Supplied records:
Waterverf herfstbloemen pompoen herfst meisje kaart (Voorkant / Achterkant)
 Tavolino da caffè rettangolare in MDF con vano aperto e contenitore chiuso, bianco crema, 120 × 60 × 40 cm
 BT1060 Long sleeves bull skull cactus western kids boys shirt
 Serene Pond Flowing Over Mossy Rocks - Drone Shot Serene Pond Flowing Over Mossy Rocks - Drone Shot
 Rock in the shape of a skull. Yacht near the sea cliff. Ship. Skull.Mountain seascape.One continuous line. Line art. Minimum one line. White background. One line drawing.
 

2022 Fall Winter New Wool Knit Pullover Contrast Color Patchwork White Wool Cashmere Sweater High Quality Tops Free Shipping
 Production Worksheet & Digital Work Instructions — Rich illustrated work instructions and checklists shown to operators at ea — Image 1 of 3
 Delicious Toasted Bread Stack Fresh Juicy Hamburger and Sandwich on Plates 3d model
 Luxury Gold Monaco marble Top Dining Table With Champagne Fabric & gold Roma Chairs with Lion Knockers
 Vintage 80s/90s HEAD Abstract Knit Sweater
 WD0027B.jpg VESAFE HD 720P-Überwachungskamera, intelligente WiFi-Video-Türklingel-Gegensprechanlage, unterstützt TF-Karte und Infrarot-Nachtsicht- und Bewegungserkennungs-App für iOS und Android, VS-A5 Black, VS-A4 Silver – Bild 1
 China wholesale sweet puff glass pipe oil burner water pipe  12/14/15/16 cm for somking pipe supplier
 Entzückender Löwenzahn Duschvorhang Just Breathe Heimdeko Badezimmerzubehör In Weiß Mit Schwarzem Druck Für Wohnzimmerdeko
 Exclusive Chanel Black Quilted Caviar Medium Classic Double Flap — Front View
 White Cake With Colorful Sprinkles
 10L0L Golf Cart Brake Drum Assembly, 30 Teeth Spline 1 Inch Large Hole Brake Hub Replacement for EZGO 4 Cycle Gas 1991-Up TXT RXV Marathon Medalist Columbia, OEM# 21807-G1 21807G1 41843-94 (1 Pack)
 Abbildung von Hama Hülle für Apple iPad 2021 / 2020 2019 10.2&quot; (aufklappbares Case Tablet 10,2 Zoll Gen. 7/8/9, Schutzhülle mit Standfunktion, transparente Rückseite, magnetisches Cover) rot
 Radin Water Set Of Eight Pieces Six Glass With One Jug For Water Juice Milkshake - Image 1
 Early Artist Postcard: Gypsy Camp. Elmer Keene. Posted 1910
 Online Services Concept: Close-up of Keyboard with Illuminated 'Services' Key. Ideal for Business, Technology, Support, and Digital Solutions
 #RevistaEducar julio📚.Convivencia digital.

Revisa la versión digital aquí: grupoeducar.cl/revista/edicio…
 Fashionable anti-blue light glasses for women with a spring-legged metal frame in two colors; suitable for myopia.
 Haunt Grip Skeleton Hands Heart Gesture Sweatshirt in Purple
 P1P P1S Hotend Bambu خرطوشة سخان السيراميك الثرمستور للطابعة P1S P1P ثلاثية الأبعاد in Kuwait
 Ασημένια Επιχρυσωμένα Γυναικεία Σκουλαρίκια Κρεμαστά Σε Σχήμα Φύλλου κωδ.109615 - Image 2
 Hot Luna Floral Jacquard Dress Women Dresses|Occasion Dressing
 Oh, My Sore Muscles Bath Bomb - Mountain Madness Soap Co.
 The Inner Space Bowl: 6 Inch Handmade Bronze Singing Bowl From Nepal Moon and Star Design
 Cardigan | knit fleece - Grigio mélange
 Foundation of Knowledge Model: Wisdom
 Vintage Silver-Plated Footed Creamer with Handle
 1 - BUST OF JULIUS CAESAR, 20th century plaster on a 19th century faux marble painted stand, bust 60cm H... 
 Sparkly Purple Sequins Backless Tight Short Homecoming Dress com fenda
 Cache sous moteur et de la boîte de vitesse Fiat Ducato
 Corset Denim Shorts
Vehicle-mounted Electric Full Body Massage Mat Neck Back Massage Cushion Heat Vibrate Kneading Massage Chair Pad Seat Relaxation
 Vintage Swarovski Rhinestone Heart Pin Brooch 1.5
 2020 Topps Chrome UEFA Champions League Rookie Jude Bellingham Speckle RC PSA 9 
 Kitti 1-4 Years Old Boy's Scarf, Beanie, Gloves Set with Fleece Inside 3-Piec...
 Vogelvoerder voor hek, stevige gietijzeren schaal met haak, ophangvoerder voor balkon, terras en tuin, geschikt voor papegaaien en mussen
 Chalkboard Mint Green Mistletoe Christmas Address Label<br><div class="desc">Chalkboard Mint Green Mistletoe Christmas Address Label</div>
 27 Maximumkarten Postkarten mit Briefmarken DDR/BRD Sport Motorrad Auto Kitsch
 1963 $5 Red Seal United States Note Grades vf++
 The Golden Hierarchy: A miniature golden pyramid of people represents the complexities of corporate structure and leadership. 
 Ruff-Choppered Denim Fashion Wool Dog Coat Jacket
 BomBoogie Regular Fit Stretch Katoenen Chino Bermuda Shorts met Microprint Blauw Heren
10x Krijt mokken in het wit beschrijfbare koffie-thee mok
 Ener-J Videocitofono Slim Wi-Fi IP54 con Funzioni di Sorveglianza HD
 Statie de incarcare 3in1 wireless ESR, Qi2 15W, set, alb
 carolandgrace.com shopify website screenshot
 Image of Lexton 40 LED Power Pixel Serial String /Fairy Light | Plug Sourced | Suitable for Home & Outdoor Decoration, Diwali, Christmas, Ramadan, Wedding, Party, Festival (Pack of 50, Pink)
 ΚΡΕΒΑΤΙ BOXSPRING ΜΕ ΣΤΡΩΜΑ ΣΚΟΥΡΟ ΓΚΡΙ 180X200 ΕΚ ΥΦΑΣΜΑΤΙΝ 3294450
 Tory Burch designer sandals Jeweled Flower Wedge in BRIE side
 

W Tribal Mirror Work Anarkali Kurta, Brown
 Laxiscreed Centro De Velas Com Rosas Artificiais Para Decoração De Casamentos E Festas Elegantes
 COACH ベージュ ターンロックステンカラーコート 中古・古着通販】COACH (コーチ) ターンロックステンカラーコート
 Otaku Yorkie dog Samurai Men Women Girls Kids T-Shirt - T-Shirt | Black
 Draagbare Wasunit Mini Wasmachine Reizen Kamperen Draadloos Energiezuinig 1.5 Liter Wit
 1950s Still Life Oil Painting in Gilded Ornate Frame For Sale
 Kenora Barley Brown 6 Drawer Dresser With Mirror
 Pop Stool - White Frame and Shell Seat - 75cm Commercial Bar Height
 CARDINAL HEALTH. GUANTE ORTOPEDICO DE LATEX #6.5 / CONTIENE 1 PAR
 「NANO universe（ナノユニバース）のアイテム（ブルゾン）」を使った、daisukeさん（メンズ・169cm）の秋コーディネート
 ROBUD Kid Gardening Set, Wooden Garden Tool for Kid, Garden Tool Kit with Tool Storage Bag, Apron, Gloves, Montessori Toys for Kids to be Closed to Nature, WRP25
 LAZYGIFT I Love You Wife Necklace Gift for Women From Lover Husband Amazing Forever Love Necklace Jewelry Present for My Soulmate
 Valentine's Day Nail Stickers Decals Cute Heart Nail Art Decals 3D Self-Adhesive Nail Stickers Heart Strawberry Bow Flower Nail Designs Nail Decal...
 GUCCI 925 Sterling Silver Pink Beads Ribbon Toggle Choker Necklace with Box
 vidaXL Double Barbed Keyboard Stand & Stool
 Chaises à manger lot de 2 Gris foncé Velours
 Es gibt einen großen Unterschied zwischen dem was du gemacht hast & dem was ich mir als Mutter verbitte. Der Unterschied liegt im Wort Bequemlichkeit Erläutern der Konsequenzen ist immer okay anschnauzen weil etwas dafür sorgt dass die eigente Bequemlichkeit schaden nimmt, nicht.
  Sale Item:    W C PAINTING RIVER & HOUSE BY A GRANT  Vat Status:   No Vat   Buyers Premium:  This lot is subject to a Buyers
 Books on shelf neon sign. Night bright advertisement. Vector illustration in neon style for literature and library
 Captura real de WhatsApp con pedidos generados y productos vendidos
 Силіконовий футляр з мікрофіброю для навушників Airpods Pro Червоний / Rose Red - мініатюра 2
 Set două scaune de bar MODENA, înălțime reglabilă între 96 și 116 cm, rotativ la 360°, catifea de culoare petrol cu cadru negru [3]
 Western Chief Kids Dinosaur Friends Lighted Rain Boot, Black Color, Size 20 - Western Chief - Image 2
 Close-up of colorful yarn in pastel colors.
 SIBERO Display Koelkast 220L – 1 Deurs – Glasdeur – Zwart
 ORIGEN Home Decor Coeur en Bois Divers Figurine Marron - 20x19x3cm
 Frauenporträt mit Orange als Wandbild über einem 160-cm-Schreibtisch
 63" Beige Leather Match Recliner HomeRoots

Assignment: Take the entries above and return only the lines from the one with "The Inner Space" to the one with "Sparkly Purple Sequins", both included, unchanged.

Solved problem:
 The Inner Space Bowl: 6 Inch Handmade Bronze Singing Bowl From Nepal Moon and Star Design
 Cardigan | knit fleece - Grigio mélange
 Foundation of Knowledge Model: Wisdom
 Vintage Silver-Plated Footed Creamer with Handle
 1 - BUST OF JULIUS CAESAR, 20th century plaster on a 19th century faux marble painted stand, bust 60cm H... 
 Sparkly Purple Sequins Backless Tight Short Homecoming Dress com fenda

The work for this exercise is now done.